## Exercise instructions
Omit the pictures and return exactly the stretch of the material below from the line with "A speaker takes the microphone" through the line with "Charming bathroom with".

** Supplied data follows **

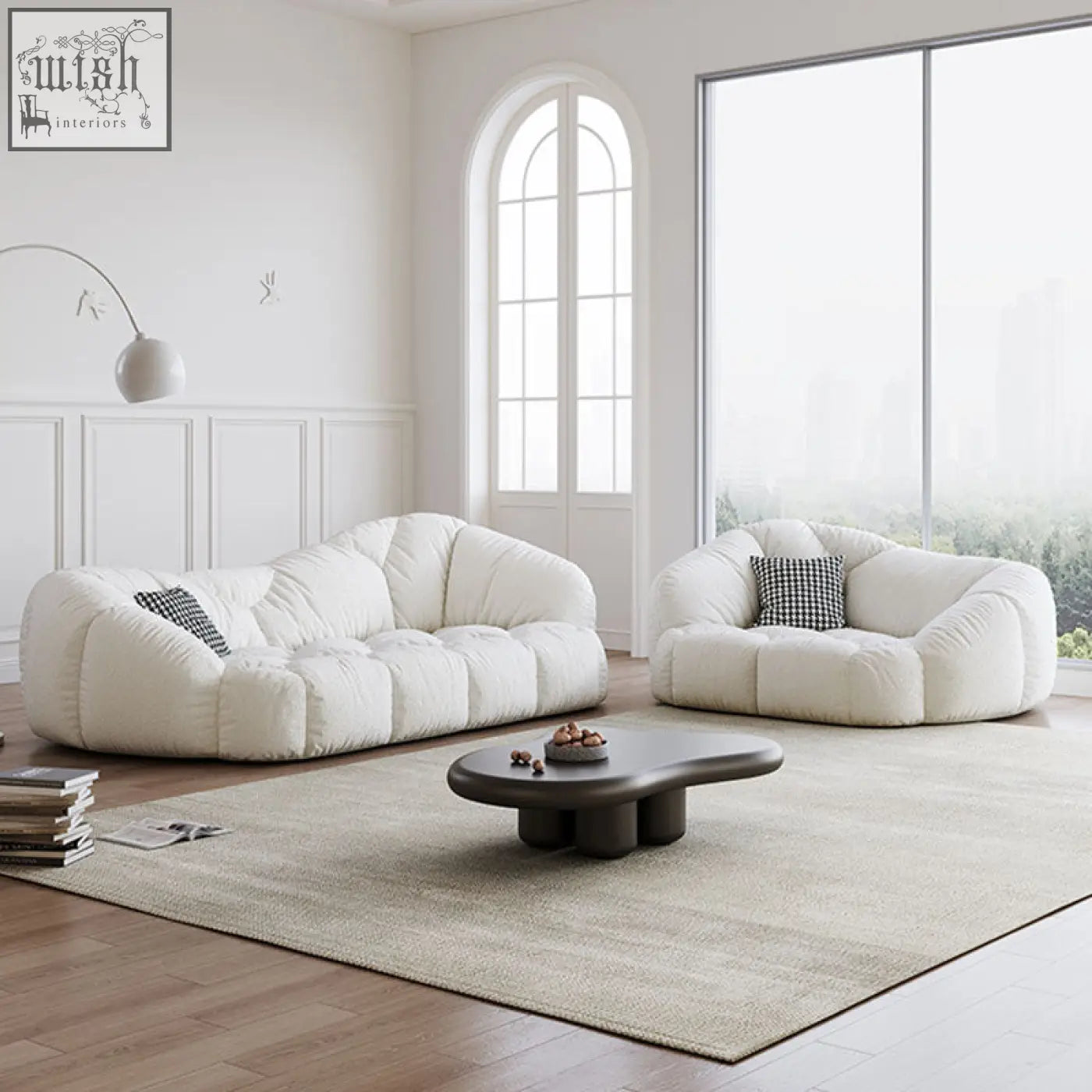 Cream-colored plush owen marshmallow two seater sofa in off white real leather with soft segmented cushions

** End of Supplied data **
** Supplied data follows **

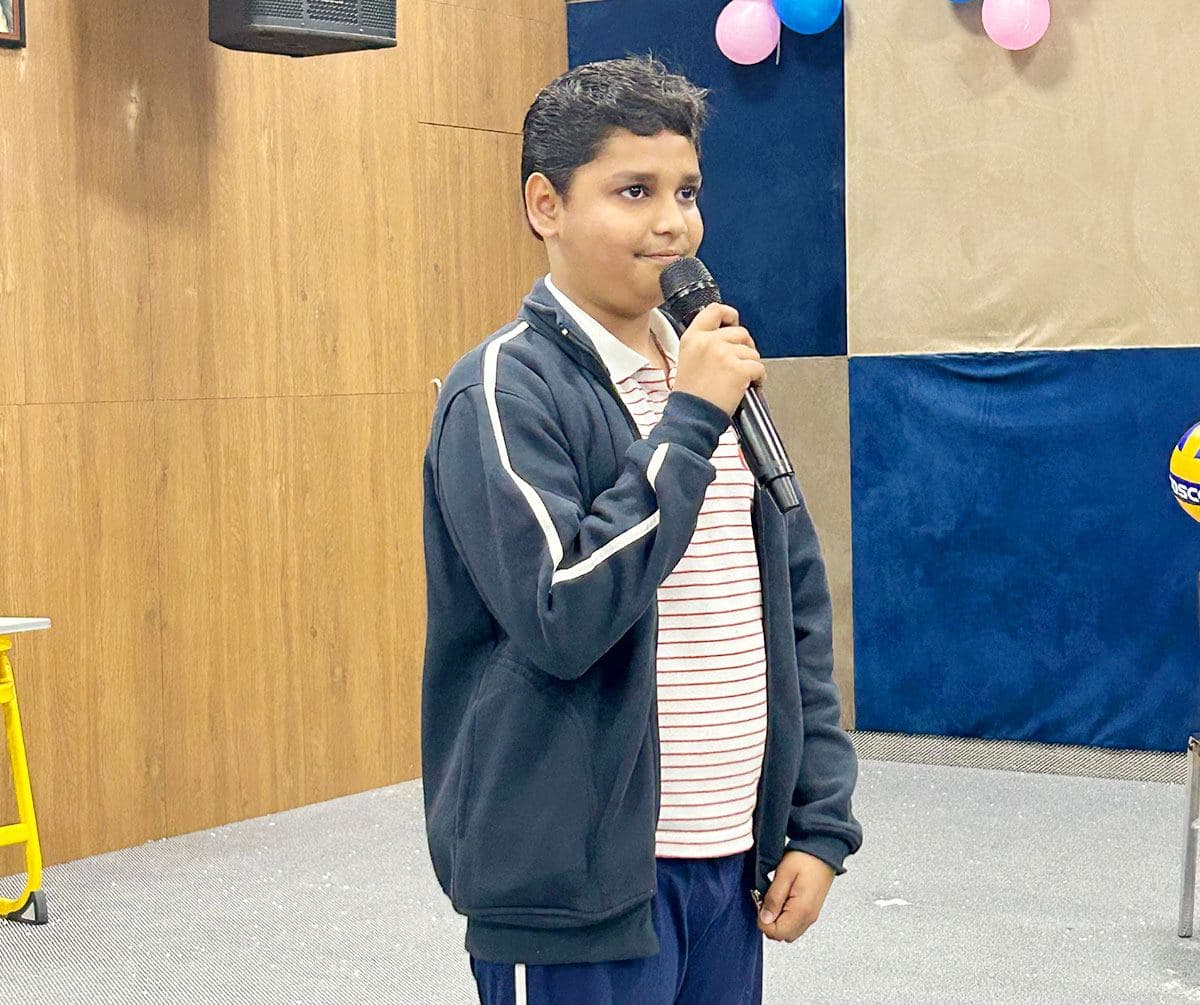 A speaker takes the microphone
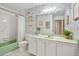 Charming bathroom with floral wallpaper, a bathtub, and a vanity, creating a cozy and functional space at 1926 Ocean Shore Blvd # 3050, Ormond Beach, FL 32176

** End of Supplied data **

## Written response
 A speaker takes the microphone
 Charming bathroom with floral wallpaper, a bathtub, and a vanity, creating a cozy and functional space at 1926 Ocean Shore Blvd # 3050, Ormond Beach, FL 32176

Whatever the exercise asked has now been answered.